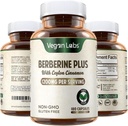 Laboratorios Veganos Berberine HCL 1200MG con Ceillón Orgánico Cinnamon- 180 Capsules Vegan- Apoya Sistema Global de Salud e Inmune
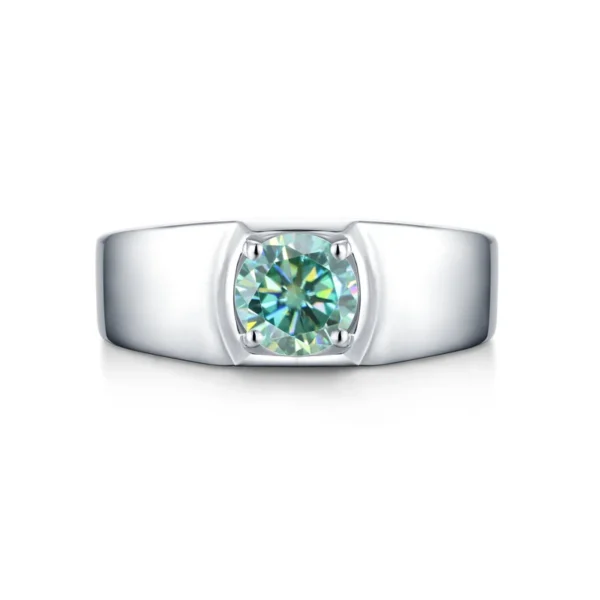 925 Sterling Silver Engagement Ring 1.0Ct 6.5mm Green Color Moissanite Adjustable Rings - Image 3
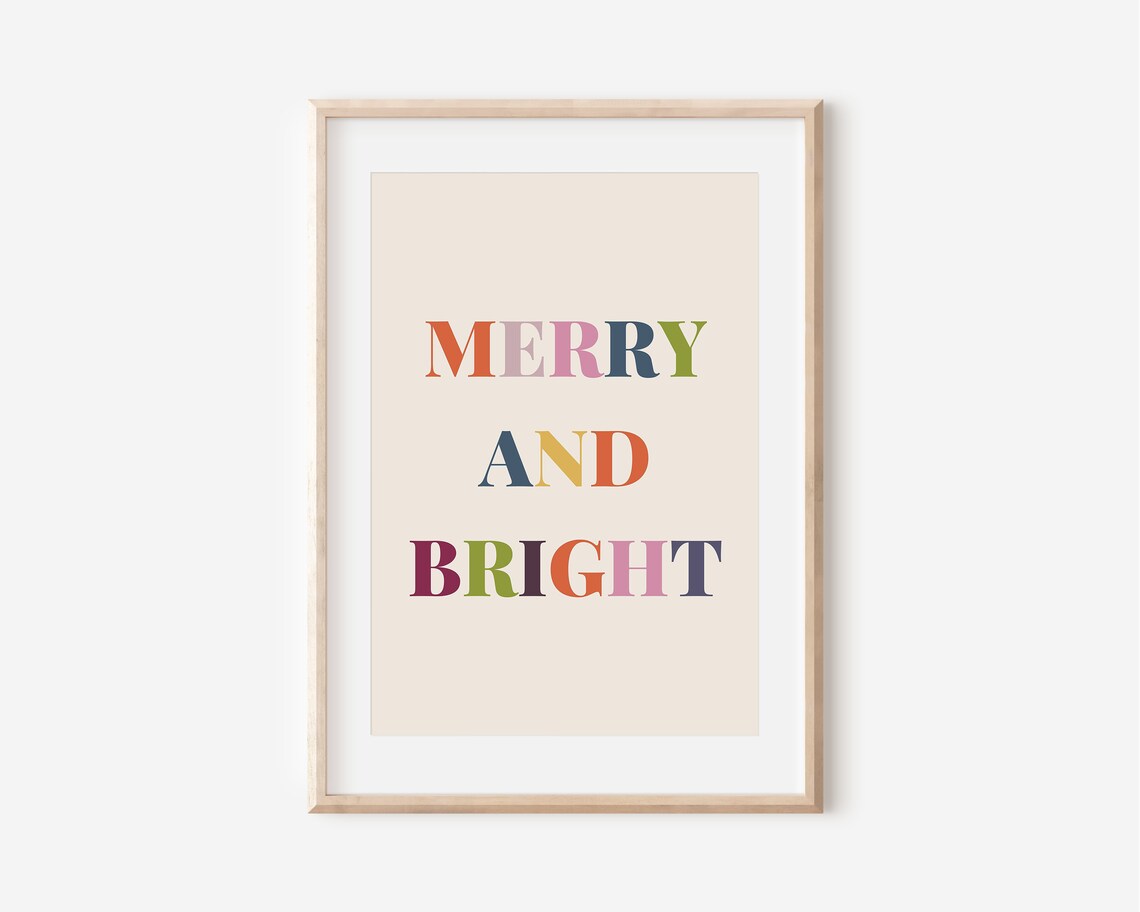Merry Bright Christmas Decor, Boho Holiday Poster - Image 5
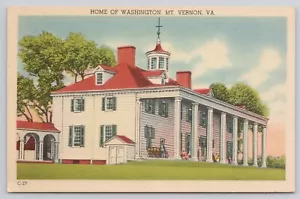 Heimat von George Washington Mount Vernon Virginia Leinen Postkarte - Bild 1 von 2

#### TASK TO CARRY OUT
The lines wanted run from the one with "Merry Bright Christmas" through the final line of the data; repeat them word for word and skip every picture.

#### SOLUTION TO THE PROBLEM
Merry Bright Christmas Decor, Boho Holiday Poster - Image 5
 Heimat von George Washington Mount Vernon Virginia Leinen Postkarte - Bild 1 von 2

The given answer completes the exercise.